Une nouvelle page, « Archives », liste toutes les productions par ordre chronologique, avec pour chacune les différentes métadonnées qui y sont associées. Dans les pages des documents, les contenus « relatifs » sont désormais automatisés via le plugin Kirby Similar.

AnthonyMasure.com, janvier 2021, page « Archives » avec tous les éléments du site classés par ordre chronologique.

La mise en page CSS est passée de display:flex (flexbox) à display:grid afin de gagner en simplicité et de résoudre un certain nombre de problèmes d’alignements, notamment verticaux. La grille est à présent plus cohérente et fonctionne mieux à différentes tailles et ratios d’écran. Par exemple, sur les grands écrans, une 4e colonne a été ajoutée pour densifier les listes comme celles des articles et des conférences.

AnthonyMasure.com, janvier 2021, page d’accueil avant/après : passage par défaut au mode « jour », ajout d’une quatrième colonne pour les écrans larges, retravail du bloc « présentation ».

La police principale utilise désormais la (nouvelle) version « variable » (variable font) de la Skolar Sans pour un temps de chargement rapide, mais aussi pour avoir plus de souplesse dans les réglages typographiques. Cela a par exemple permis de raffiner les modes jour/nuit en modifiant légèrement la graisse des lettres pour optimiser leur lisibilité en fonction du contraste de fond.

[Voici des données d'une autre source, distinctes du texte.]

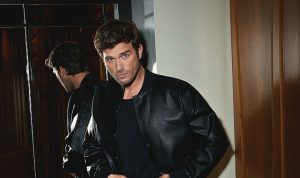 mavi-ve-kivanc-ile-tam-bi-mavi-klasigi-cok-olmak-lazim-bazen-6Tg53GNX.jpg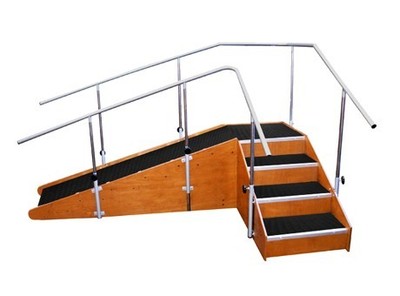 ESCALA ESQUINA 3 PELDAÑO Y RAMPA1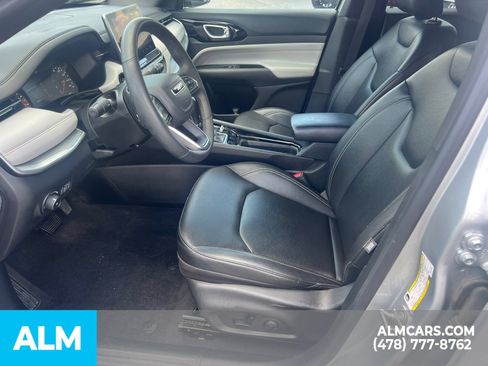 Used 2025 Jeep Compass Limited AWD/4WD image 10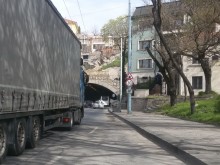 Композиция камион с полуремарке през центъра на Пловдив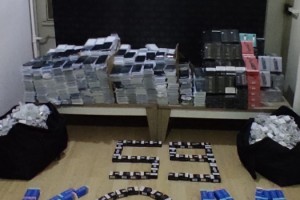 Malkara’da 1611 Kaçak Cep Telefonu Ele Geçirildi
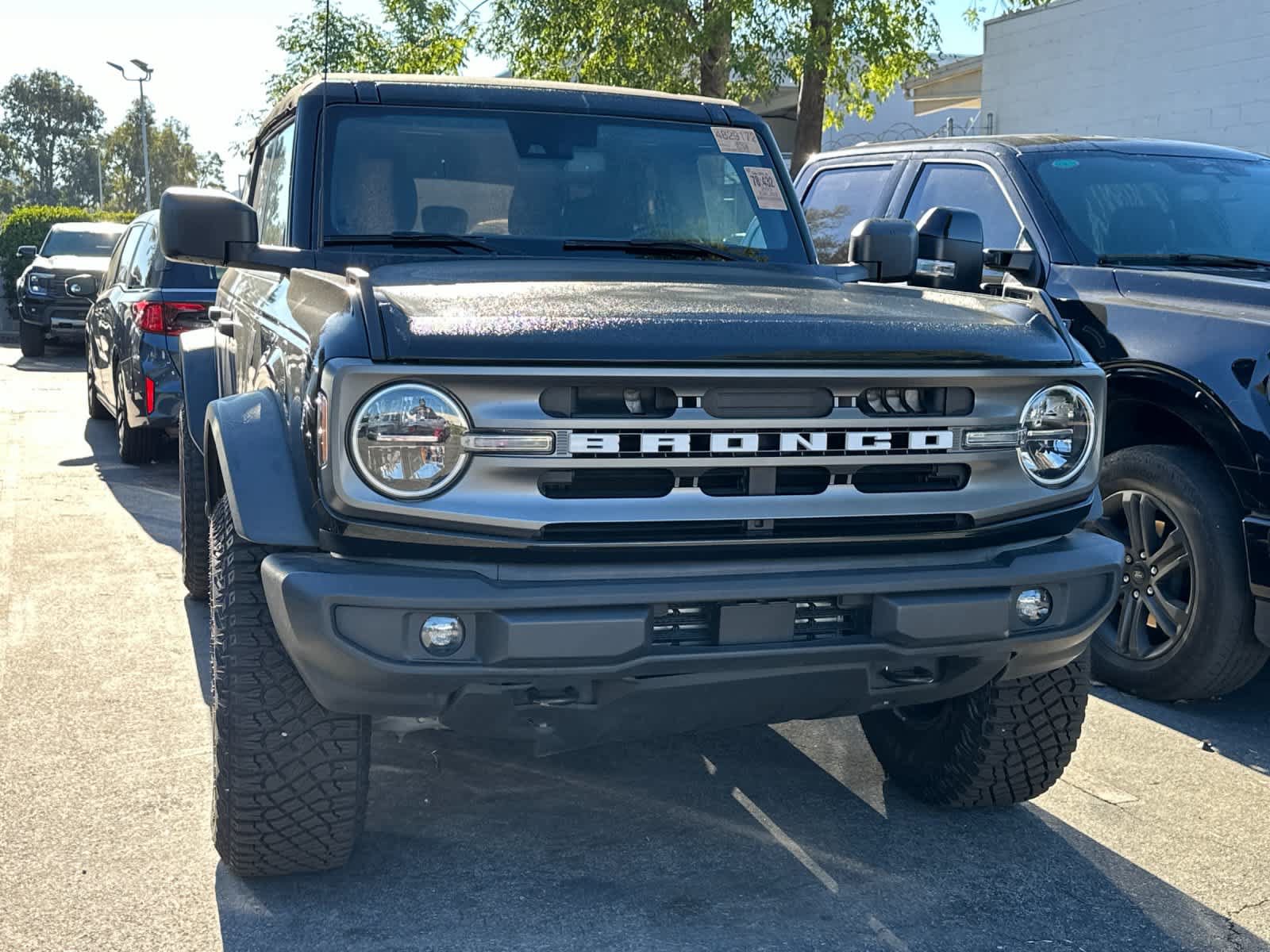 Used 2023 Ford Bronco Big Bend w/ Sasquatch Package AWD/4WD image 2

AnthonyMasure.com, page « Conférences » avant (2016-2020) / après (2021) : passage en quatre colonnes, retravail de l’alignement latéral des blocs (abandon de jQuery Masonry), optimisation des réglages typographiques.

Certaines pages ont fait l’objet d’une refonte complète, notamment la page CV qui a été remise aux normes suisses (FNS) et qui est mieux hiérarchisée qu’auparavant.

AnthonyMasure.com, page « CV » avant (2016-2020) / après (2021) : ajout des dates en exergue.

Quels développements ?

Le plus gros du travail ayant été fait au niveau de l’architecture des données et de la structure des pages, le plus chronophage sera de saisir en « plein texte » les articles manquants, et surtout d’étiquetter un par un tous les documents.

D’autres améliorations sont envisagées / envisageables :

  • Réduire le poids des images, notamment pour la page d’accueil.
  • Pouvoir filtrer les contenus par type de licence.
  • Ajouter les liens vers les dépôts HAL-SHS.
  • Affiner le fonctionnement du plugin Kirby Similar pour améliorer la pertinence des résultats des « pages liées ».
  • Produire des bibliographies réutilisables.
  • Améliorer l’affichage de la page d’archives, trop dense en l’état, et la navigation par tags (pourquoi pas avec de la dataviz, comme sur cet exemple).
  • Permettre l’export PDF des articles de recherche.
  • Rendre le CV imprimable voire paramétrable avant impression via le navigateur (hello Paged.js !).
  • Revoir la gestion des flux RSS pour aujouter un flux « global » (actuellement, un seul existe pour le blog).